3 Stimulus Specificity of Auditory MEG Activity
This section reviews a selection of basic sound features and how they are reflected in MEG activity originating in the auditory cortex. Only a brief introduction to the background and psychophysics is provided along with each paragraph, and the reader is referred to the available textbooks on psychological acoustics (Moore 2012), phonetics (Stevens 2000), or auditory physiology (Schnupp et al. 2011) for more details and references to the original publications.
3.1 Temporal Resolution and Integration
Temporal coding of sound is differently reflected in the MAEF and LAEF. The early MAEF peaks are very robust to fast stimulus repetition: When two pulses are repeated at ISIs between 1–14 ms (Rupp et al. 2000), a clear response to the second pulse is observed at ISIs >= 4 ms, and the response is nearly completely recovered at ISIs >= 14 ms. The continuous time-locking capability of the MAEF is also demonstrated by the 40-Hz SSR (Gutschalk et al. 1999; Brugge et al. 2009), which shows phase-locking to inter-click intervals of less than 20 ms.
A classical psychoacoustic paradigm to test temporal resolution is gap detection, where a short interruption in an ongoing sound is used as the stimulus. For example, listeners are able to detect interruptions of few milliseconds duration in a continuous broadband noise. When this stimulus is applied in MEG, gaps as short as 3 ms are sufficient to evoke a significant MAEF response (Rupp et al. 2002a), which is in accordance with psychoacoustic thresholds. Moreover, the higher perceptual thresholds observed at the beginning of a noise burst (5 or 20 ms after onset) are paralleled by a lack of MAEF (Rupp et al. 2004).

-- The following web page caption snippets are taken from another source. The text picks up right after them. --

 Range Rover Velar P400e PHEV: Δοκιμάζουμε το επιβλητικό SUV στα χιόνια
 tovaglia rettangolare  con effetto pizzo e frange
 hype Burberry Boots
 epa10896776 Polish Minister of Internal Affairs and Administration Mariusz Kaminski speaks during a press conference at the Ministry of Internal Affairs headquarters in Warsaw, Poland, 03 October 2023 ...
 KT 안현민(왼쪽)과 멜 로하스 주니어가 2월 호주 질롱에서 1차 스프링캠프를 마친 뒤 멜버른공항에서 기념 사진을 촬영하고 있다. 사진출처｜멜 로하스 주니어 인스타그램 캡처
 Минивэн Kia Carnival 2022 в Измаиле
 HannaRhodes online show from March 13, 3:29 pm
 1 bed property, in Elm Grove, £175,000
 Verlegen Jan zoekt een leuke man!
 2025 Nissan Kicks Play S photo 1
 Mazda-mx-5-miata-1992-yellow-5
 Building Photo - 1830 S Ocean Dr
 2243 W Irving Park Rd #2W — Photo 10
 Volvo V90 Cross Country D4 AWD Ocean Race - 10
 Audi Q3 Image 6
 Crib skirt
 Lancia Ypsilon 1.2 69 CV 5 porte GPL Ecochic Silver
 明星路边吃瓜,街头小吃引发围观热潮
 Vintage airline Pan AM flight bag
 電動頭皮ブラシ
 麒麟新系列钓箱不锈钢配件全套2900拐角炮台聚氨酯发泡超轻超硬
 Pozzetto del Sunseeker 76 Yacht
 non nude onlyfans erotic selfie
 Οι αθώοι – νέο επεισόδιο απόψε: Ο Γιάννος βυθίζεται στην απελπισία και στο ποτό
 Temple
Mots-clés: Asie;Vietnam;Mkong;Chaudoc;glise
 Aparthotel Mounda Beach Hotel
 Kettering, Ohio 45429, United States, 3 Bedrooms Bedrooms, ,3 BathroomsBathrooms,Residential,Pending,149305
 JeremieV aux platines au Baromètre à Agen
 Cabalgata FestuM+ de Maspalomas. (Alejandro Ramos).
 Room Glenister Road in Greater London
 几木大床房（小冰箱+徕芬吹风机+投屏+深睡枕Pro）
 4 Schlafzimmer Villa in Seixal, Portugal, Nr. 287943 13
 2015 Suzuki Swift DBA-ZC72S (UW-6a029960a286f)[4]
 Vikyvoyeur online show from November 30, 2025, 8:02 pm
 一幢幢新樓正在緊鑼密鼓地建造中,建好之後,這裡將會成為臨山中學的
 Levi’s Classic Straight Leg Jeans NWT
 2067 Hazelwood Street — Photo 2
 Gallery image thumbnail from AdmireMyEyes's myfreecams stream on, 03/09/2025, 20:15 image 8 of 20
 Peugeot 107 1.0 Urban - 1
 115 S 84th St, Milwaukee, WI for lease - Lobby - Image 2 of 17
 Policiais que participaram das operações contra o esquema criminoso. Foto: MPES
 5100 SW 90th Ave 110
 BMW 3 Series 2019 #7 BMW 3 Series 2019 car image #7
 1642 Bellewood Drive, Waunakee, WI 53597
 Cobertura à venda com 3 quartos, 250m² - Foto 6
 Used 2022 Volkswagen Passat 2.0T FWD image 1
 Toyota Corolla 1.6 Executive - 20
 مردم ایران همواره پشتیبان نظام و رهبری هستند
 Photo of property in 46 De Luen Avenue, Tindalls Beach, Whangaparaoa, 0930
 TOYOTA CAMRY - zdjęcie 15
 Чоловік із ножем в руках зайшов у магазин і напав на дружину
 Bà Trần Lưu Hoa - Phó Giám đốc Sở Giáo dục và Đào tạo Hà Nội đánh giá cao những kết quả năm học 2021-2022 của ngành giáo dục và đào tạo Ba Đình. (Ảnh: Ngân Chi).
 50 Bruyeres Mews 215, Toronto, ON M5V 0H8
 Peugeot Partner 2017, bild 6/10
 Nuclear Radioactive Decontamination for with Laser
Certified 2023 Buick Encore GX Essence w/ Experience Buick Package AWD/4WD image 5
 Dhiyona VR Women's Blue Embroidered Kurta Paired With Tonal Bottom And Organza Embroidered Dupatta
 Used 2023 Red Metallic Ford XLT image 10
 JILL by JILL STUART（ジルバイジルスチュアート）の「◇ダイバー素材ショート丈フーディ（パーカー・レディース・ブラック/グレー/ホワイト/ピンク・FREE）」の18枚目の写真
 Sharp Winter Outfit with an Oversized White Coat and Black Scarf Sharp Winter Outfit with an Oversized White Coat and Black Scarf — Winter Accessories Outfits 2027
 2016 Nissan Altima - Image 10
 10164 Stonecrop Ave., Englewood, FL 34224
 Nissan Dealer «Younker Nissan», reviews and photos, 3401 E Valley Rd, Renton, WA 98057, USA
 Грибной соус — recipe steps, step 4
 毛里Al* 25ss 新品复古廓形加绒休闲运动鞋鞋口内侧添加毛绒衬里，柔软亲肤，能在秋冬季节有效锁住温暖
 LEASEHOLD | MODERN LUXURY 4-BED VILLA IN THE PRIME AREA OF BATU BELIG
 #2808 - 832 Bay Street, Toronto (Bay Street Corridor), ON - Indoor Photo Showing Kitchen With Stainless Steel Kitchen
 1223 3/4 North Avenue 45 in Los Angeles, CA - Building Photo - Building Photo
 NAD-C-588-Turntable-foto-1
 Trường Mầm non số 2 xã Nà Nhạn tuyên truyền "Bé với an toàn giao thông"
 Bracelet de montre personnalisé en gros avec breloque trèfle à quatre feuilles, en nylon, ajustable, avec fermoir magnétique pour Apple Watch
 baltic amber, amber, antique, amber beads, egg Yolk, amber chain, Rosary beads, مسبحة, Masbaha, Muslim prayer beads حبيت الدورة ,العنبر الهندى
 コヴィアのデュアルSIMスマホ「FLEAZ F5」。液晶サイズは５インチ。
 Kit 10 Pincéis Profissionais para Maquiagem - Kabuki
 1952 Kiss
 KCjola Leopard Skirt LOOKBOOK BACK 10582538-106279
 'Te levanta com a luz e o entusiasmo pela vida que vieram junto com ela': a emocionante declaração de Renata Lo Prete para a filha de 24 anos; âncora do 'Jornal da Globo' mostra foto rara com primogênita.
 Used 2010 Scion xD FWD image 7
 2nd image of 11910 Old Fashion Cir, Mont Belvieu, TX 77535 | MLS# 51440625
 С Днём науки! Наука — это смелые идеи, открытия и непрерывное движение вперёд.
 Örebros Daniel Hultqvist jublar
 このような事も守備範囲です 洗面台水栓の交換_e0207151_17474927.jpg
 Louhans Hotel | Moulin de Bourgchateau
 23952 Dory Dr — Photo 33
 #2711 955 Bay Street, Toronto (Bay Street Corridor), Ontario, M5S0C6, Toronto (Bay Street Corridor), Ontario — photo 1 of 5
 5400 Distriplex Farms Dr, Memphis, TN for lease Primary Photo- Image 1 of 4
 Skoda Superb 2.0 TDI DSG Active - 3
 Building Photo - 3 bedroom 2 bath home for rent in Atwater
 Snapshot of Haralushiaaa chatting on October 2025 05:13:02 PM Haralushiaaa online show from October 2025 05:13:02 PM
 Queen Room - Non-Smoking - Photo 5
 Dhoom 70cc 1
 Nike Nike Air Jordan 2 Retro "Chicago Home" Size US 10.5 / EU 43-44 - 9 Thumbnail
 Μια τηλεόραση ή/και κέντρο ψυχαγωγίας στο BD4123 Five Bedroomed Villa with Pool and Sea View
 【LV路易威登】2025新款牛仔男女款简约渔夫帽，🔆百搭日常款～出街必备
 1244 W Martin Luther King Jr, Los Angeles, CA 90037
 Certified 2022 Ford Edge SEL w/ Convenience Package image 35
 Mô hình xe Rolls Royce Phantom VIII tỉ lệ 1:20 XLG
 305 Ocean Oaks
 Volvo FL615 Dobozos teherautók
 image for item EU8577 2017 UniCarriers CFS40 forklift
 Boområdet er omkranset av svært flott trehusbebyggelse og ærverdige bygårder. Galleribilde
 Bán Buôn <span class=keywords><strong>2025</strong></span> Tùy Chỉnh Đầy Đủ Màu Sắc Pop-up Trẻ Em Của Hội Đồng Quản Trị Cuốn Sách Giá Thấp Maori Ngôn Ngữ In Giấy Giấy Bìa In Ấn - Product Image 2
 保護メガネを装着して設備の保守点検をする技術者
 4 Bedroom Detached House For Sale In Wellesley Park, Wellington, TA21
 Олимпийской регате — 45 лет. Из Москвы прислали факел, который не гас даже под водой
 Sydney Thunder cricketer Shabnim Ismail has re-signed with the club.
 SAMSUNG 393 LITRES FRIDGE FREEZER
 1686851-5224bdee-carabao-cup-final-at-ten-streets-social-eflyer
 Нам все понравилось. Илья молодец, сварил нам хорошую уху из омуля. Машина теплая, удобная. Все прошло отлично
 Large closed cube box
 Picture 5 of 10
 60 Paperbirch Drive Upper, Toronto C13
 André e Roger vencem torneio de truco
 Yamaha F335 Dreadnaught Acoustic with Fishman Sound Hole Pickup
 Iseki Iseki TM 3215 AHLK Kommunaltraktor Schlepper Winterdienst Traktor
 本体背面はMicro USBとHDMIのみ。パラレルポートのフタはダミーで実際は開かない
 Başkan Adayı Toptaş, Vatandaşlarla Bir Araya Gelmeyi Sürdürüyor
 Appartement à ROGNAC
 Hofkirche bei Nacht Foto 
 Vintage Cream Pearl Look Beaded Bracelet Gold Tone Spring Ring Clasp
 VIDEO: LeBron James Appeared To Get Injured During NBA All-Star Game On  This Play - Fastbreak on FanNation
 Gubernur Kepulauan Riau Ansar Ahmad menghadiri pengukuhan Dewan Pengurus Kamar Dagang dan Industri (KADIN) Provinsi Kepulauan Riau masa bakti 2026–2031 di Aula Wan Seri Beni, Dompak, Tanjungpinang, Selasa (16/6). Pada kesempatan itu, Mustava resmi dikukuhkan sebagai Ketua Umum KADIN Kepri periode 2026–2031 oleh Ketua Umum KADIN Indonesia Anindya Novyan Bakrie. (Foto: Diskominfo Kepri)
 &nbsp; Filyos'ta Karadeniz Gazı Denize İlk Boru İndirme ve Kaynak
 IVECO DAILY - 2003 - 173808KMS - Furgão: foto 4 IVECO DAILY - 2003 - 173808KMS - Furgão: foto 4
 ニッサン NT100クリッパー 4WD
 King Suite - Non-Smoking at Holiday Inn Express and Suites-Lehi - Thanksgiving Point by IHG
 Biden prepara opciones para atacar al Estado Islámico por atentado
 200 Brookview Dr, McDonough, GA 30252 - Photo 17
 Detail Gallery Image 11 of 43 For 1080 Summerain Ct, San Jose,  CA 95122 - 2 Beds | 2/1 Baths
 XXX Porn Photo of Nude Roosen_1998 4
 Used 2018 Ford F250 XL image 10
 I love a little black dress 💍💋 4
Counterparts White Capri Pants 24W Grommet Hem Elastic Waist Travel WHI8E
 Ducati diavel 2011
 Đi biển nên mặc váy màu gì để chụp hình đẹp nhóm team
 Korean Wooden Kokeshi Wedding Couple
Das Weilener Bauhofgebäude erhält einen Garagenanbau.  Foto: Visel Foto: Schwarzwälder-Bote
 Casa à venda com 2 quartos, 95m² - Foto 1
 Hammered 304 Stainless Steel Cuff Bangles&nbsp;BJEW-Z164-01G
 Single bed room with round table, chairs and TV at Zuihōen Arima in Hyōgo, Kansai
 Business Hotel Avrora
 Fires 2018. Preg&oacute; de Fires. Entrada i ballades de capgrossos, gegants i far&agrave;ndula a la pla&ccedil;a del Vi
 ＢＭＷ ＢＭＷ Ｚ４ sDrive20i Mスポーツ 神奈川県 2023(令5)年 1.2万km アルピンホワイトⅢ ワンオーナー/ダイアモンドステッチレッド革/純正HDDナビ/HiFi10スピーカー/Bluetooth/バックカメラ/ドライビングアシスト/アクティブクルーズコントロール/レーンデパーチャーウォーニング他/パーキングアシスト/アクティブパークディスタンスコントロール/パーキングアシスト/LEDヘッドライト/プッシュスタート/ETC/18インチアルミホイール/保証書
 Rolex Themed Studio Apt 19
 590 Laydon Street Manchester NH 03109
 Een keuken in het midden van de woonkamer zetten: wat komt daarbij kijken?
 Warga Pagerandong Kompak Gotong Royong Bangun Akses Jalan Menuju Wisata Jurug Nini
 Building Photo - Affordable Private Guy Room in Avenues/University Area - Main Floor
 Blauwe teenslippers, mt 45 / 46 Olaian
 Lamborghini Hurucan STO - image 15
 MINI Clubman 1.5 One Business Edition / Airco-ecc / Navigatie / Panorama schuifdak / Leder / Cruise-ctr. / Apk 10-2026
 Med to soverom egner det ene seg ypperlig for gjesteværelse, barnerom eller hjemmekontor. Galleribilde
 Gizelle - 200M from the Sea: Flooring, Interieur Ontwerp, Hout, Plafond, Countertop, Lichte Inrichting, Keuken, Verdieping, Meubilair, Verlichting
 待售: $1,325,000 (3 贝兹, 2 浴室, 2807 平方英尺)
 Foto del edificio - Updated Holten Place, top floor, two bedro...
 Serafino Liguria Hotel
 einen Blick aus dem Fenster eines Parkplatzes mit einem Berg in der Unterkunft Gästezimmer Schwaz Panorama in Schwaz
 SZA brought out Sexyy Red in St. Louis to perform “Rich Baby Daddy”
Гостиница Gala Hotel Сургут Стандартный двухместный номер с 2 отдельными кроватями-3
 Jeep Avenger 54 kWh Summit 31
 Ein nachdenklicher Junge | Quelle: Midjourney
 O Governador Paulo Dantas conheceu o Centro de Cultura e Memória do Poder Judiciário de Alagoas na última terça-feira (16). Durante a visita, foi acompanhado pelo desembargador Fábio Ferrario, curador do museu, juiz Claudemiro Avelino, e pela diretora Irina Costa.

The subsequent P1m and N1m are distinctly different with regard to their suppression at short ISI: when periodic click trains are interrupted by omission of one or more clicks, the onset response after the interruption does not show a significant P1m when the interruption is 12 and 24 ms. At gap durations of 48 ms, the P1m is partly recovered, and it has regained almost completely at gaps of 196 ms (Gutschalk et al. 2004b). The time interval required for complete recovery is even longer for the N1m: Some recovery, especially of the anterior N1m generator, is observed between 70–150 ms in a two-tone paradigm (Loveless et al. 1996). With ongoing stimulation, the N1m is reliably observed at ISIs of 300 ms and more (Carver et al. 2002), but some reduction of the response is observed up to 5–10 s (see Sect. 2.2.2). Note that the N1m can also be evoked by all sorts of transients and transitions in ongoing sound, and not only by sound onset. For example, short gaps of 6 ms in an ongoing noise produce not only a P30m, but also a prominent N1m (Rupp et al. 2002a). This should not be mistaken as evidence that the N1m shows similarly fine and fast time-locking as the P30m, but rather reflects the perceptual salience of the transient gap. In contrast to the N19m-P30m, the N1m may also reflect auditory events integrated over longer time intervals. Early studies suggested that the N1m integrates over a time interval of approximately 30–50 ms (Joutsiniemi et al. 1989), because the response amplitude increases with the tone duration for intervals up to this length. More recent studies indicate that temporal integration at the level of the N1m is not captured by a fixed time window and depends on parameters such as the onset dynamics (Biermann and Heil 2000) and temporal structure of the eliciting stimulus (Krumbholz et al. 2003).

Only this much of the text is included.